A sketchbook spread showing a mix of styles. On the left, a ballpoint pen scene from life, and on the right, a colorful graffiti and character exploration.
Another spread showing the variety in my sketchbook. A detailed architectural sketch in pink sits next to a colorful character and some abstract lettering.
This spread features a detailed ink drawing of a living room, an exercise in perspective and interior sketching.
A colorful spread using markers to capture people I observed. I love experimenting with limited and bold color palettes.
A page of botanical doodles next to some portrait studies. My sketchbook is a playground for any idea that comes to mind.
This reel reflects on a time I focused heavily on brush pen work to reconnect with hand-drawing after relying too much on digital tools. It was a response to my own internal questions about my craft.
Part one of a sketchbook tour, sharing a favorite spread from my latest book. I enjoy sharing these behind-the-scenes looks at my process.
A full sketchbook spread from January, filled with anatomy studies, sculpture drawings, and random thoughts, all done in ballpoint pen.
About My Sketchbook Journey
When I work on a commercial commission, every line is calculated. But in these pages, I give myself permission to be wrong. Whether I am experimenting with ballpoint pens in Sanjay Gandhi National Park or testing new markers, these sketches are how I keep my hand steady and my ideas fresh. If you want a custom illustration, you are essentially asking for a piece of this ongoing experiment, where the final output has that same raw, textured energy you see in my rough sketches.
I started keeping these sketchbooks when I realized I was losing touch with physical, tangible work.
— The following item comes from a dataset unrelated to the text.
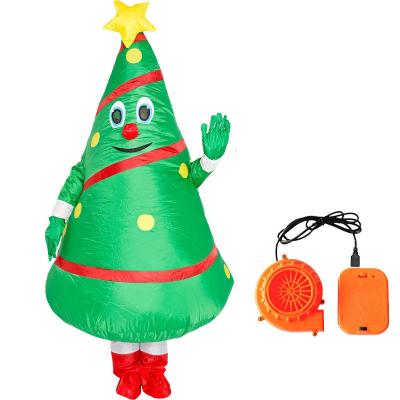 China Christmas Decoration Walking Giant Inflatable Christmas Tree Costume Customized Available for sale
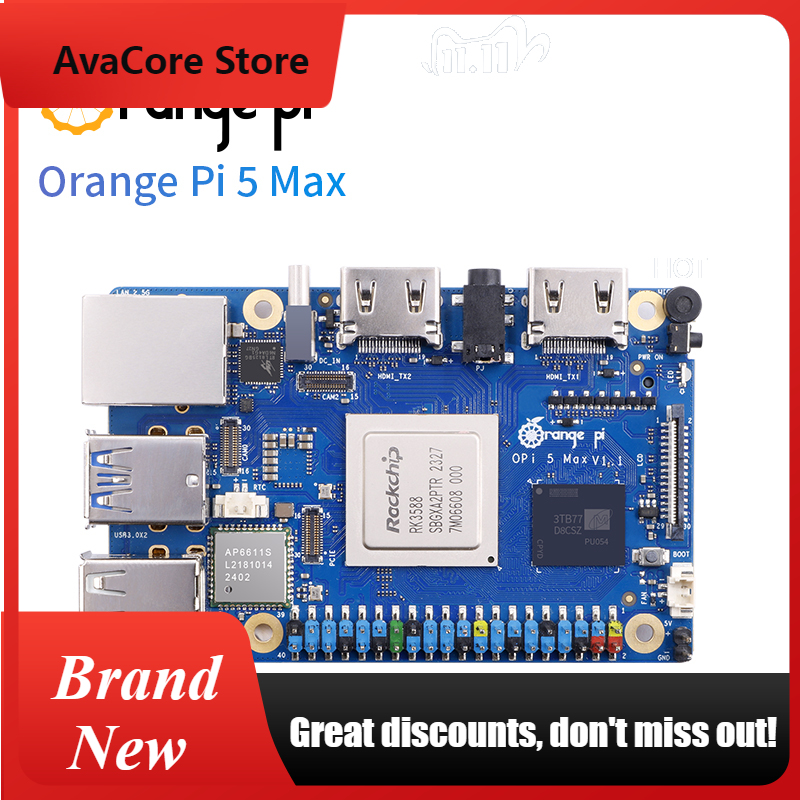 AvaCoreOrangePi 5 Max 16GB met - Orange Pi 5 Max Rk3588 recensie en prijs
I was too reliant on screens and digital correction, and I missed the anxiety of a permanent ink mark on paper. This gallery is a collection of that response.
Why the mess matters
For me, an artist's value isn't just in the polished final file I send you. It is in the thousands of wrong lines that came before it. You will see studies from my time with the Urban Sketchers Mumbai group, quick studies of architecture, and even character designs that didn't make the cut for any client project. This is where I learn how light hits a surface or how to capture a fleeting expression on a train.
Translating this to your project
When you hire me for a portrait, a storybook illustration, or a wall mural design, I bring this exact sketchbook sensibility to the table. I don't just jump to digital perfection. I start with pencil and ink, ensuring the foundation is solid and the feeling is right. We establish the composition and the emotion on paper before I move to digital tools like Procreate to finalize the colors and crisp edges. This ensures your final piece has a heartbeat, not just a clean look.
If you are looking for art that feels human, whether it is a stylized portrait of a loved one or a complex scene for a brand, this is the process I follow. I focus on consistency and storytelling, one page at a time.